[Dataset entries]
= = =

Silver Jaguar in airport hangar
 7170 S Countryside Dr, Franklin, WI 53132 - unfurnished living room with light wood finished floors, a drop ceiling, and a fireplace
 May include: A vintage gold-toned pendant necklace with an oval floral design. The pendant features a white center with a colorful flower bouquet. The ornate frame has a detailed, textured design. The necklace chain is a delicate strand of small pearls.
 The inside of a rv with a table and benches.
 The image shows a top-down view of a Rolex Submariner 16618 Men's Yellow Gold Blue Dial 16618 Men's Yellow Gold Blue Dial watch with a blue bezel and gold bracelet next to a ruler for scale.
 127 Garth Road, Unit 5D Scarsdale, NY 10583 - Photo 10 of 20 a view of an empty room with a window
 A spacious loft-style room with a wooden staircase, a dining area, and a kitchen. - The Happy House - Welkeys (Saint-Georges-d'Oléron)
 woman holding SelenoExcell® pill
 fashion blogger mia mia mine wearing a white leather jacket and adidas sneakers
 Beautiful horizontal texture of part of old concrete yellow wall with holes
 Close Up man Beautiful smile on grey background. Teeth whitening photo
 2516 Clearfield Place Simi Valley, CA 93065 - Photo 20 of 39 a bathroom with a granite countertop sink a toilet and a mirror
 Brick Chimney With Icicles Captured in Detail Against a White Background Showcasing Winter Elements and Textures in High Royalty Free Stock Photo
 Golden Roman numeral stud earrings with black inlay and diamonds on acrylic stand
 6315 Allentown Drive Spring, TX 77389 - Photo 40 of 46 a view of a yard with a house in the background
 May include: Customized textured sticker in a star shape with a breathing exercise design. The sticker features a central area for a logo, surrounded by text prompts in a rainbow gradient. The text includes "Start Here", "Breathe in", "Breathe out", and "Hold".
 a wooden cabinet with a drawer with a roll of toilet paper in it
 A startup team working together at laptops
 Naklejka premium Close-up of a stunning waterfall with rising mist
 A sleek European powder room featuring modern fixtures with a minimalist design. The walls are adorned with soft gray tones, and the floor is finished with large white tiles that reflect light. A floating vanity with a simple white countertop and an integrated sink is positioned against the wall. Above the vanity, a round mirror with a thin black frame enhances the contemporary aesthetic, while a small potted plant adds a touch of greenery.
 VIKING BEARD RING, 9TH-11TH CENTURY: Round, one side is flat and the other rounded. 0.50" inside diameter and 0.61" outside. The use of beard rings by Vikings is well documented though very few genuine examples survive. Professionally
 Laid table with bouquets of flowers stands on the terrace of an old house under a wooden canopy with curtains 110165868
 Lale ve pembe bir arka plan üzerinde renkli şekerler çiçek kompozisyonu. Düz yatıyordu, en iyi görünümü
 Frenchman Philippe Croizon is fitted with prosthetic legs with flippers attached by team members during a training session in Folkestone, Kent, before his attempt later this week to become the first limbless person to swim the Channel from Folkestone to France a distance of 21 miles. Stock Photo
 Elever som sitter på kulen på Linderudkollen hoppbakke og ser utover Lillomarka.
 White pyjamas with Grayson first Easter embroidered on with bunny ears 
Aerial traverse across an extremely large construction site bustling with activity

= = =

What you have to do →
Look above for the line holding "A startup team working together at laptops" and the line holding "Naklejka premium Close-up". Retype both, and every line between them, word for word and nothing else.

Answer for this exercise →
 A startup team working together at laptops
 Naklejka premium Close-up of a stunning waterfall with rising mist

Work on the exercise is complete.